The Sandstone Blog
Woman trouble
America’s Independence Day seems like a suitably ironical occasion to present this poem. First published by Sally Evans in Poetry Scotland in the year 2000 it has lain more or less inert since. Conceived as a bit of a joke it probably had a bit too much truth in it, and possibly still has. It also has a propaganda, let me say educative, purpose since its metre insists on the correct pronunciation of Glenmorangie, with the emphasis on the adjective ‘mor’.
Woman Trouble
From twelve o’clock till two my sleep was sound.
I tossed and turned till eight then slept again.
Exhausted I got out of bed at ten,
a flask of steaming Java brought me round.
From ten till dusk I never crossed the door.
I stayed inside and read my time away
but felt as hollow at the close of day.
McCaig and Smith just left me wanting more.
I know I’ll never find my rest tonight.
Too troubled in my mind to risk the dark,
too tired to take a walk around the park,
and neither Bach nor Mozart makes it right.
The darkest hour of night is like a fence
between what’s done and all that will not do.
No need to sleep alone I turn to you,
Old Pulteney and Glenmorangie, my friends.

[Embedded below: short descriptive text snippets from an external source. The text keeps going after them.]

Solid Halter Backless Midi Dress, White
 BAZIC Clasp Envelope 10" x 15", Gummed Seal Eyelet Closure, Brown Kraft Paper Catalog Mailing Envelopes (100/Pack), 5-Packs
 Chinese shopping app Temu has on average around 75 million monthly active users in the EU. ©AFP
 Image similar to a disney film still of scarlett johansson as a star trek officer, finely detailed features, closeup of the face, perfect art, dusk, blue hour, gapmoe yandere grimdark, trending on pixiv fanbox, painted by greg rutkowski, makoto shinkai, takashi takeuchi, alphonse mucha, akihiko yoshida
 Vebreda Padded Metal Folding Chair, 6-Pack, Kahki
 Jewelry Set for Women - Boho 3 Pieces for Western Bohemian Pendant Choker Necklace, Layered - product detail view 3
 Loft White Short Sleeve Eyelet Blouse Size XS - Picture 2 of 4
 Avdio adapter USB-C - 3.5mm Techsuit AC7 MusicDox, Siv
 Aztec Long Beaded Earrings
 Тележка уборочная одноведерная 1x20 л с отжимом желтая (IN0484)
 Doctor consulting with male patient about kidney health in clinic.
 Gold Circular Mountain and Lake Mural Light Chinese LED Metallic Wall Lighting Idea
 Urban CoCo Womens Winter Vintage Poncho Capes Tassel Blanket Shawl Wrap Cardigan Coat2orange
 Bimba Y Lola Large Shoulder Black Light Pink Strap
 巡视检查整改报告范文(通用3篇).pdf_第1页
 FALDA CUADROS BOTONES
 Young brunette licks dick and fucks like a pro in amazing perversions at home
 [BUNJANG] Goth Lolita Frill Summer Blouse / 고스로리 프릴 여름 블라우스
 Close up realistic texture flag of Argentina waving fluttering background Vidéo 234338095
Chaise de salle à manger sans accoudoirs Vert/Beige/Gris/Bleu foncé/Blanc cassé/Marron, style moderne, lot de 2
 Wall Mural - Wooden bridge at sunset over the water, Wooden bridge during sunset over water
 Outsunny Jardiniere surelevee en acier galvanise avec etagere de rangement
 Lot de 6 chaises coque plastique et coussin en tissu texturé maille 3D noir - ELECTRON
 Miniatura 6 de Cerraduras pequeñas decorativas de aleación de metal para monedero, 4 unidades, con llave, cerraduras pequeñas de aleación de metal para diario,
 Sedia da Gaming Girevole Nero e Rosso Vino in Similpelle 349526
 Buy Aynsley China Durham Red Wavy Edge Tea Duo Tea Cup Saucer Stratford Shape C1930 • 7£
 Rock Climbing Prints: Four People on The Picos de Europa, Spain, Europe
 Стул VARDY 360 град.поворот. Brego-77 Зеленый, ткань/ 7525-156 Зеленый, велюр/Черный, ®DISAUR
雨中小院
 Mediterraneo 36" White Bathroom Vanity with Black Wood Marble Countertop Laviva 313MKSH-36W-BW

It seems I am in a ‘leavings’ stage of life again. Norman McCaig, whom I never met, and Iain Crichton Smith, whom I did, have rejoined the planet. The work of both and personal memories of Iain live on. More recently, my friends Old Pulteney and Glenmorangie and I have parted company. Unlike that of the poets it may be a temporary arrangement. I rather hope so. Relations with women remain much the same. A creaking gate never falls.